Explain returns following gibberish:
id select_type table type possible_keys key key_len ref rows Extra
1 SIMPLE userdata ALL pageid 372420
1 SIMPLE page eq_ref PRIMARY,pagegroupid PRIMARY 4 topsecret.userdata.pageid 1
1 SIMPLE pagegroup eq_ref PRIMARY PRIMARY 4 topsecret.page.pagegroupid 1
SELECT
u.field2, p.pageid
FROM
userdata u
INNER JOIN page p ON u.pageid = p.pageid;
/*
0.07 sec execution, 6.05 sec fecth
*/
id select_type table type possible_keys key key_len ref rows Extra
1 SIMPLE u ALL pageid 372420
1 SIMPLE p eq_ref PRIMARY PRIMARY 4 topsecret.u.pageid 1 Using index
SELECT
p.pageid, g.pagegroupid
FROM
page p
INNER JOIN pagegroup g ON p.pagegroupid = g.pagegroupid;
/*
9.37 sec execution, 60.0 sec fetch
*/
id select_type table type possible_keys key key_len ref rows Extra
1 SIMPLE g index PRIMARY PRIMARY 4 3646 Using index
1 SIMPLE p ref pagegroupid pagegroupid 5 topsecret.g.pagegroupid 3 Using where
Keep medium/long text columns in a separate table if you run into performance problems such as this one.
Upvotes: 3
Views: 6252
Reputation: 238096
I'm assuming the userdata table is very large and does not fit in memory. MySQL would have to read the entire table from harddisk, even if it needs only two small columns.

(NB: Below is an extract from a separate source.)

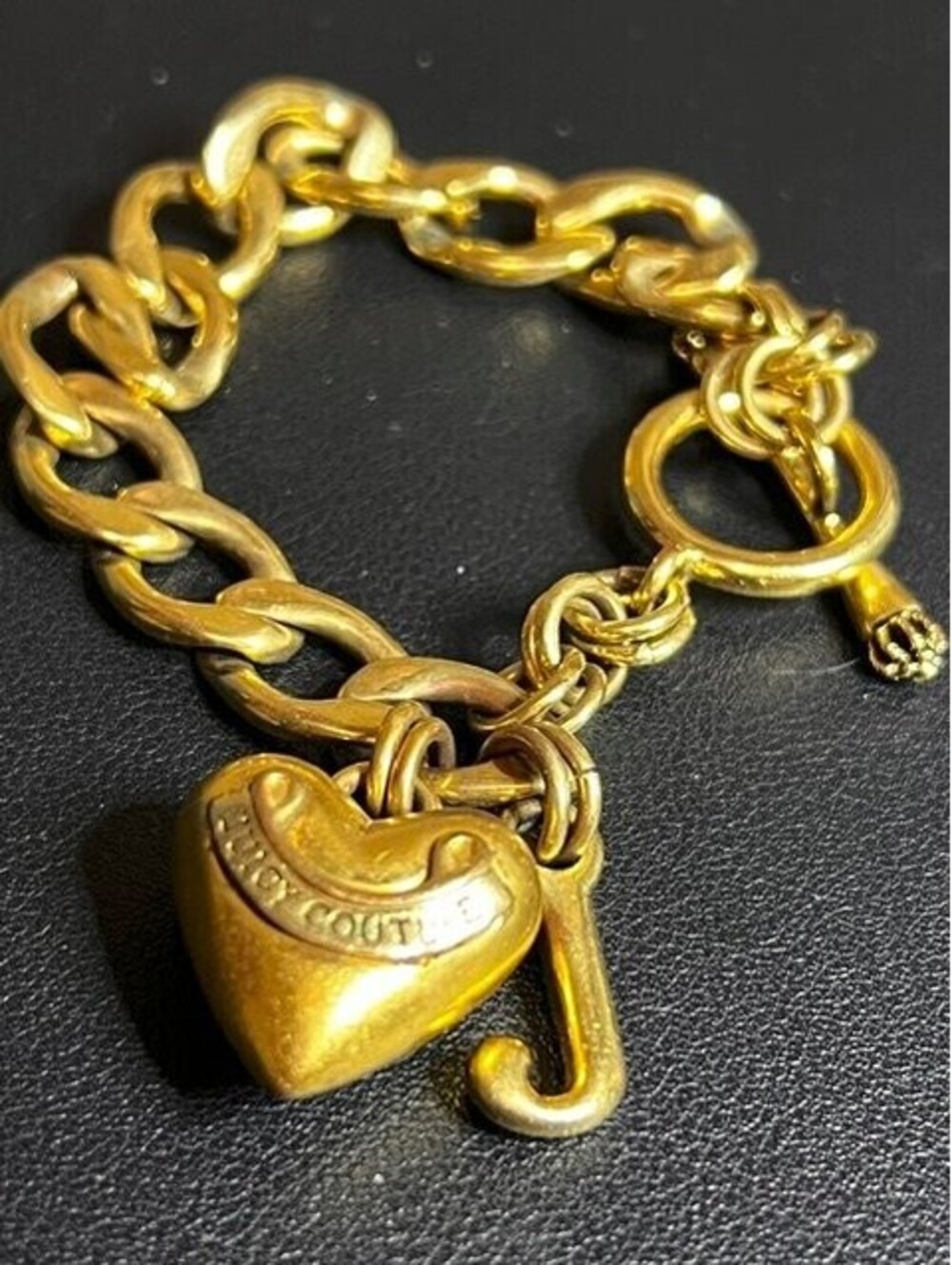 B6459 Juicy Couture Chain Link Bracelet Heart J Charm Toggle Gold Tone 7.5"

You can try to eliminate the need for scanning the entire table by defining an index that contains everything the query needs. That way, the index is not a way to facilitate a search into the main table, but it's a shorthand version of the table itself. MySQL only has to read the shorthand table from disk.

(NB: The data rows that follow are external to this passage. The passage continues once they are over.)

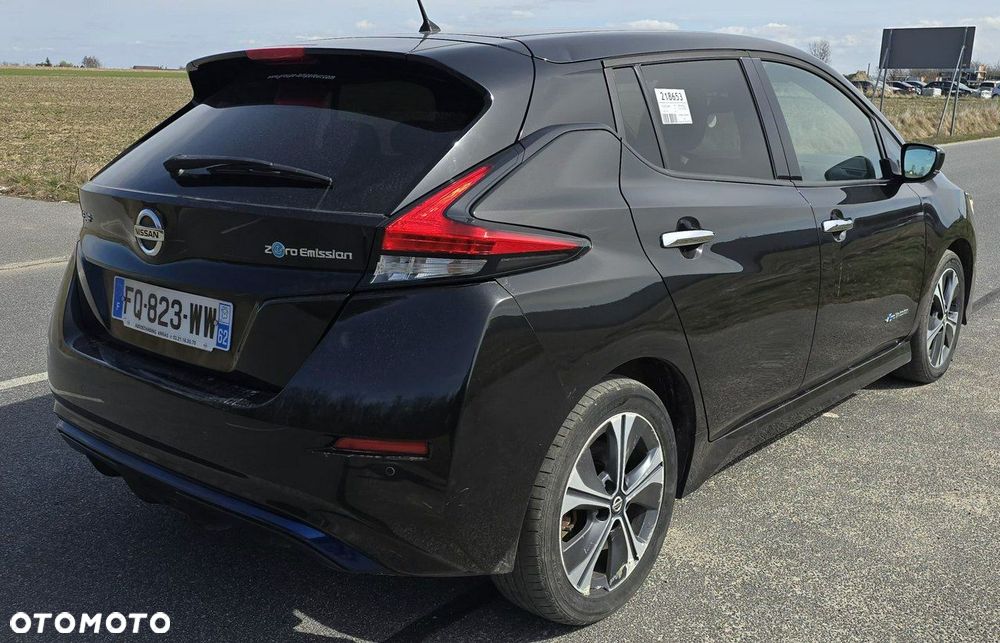 Nissan Leaf - 4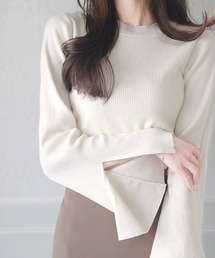 【mily bilet】オンシーンでも着れる大人こなれ感。袖スリットフレアスリーブリブニット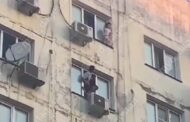 В Каспийске спасли трехлетнюю девочку, которая могла упасть с девятого этажа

The index could look like this:
column1, pageid
This has to be non-clustered, or it would be part of the big table, defeating its purpose. See this page for an idea on how MySQL decides which index to cluster. The easiest way seems to make sure you have a primary key on pageid, which will be clustered, so the secondary column1+pageid index will be non-clustered.
Upvotes: 2
Reputation: 45721
What's the data type and purpose of columnX in the userdata table? It should be noted that any text data type (i.e excluding char, varchar) forces any temporary tables to be created on disk. Now since you're doing a straight join without conditions, grouping or ordering, it probably won't need any temporary tables, except for aggregating the final result.
I think it would also be very helpful if you show us how your indexes are created. One thing to remember is that while InnoDB concatenates the primary key of the table to each index, MyISAM does not. This means that if you index column name and search for it with LIKE, but still want to get the id of the page group; Then the query would still need to visit the table to get the id instead of being able to retrieve it from the index.
What this means, in your case, if I understand your comment to apphacker correctly, is to get the name of each users pagegroups. The query optimizer would want to use the index for the join, but for each result it would also need to visit the table to retrieve the page group name. If your datatype on name is not bigger than a moderate varchar, i.e. no text, you could also create an index (id, name) which would enable the query to fetch the name directly from the index.
As a final try, you point out that the whole query would probably be faster if the mediumtext was not in the page table.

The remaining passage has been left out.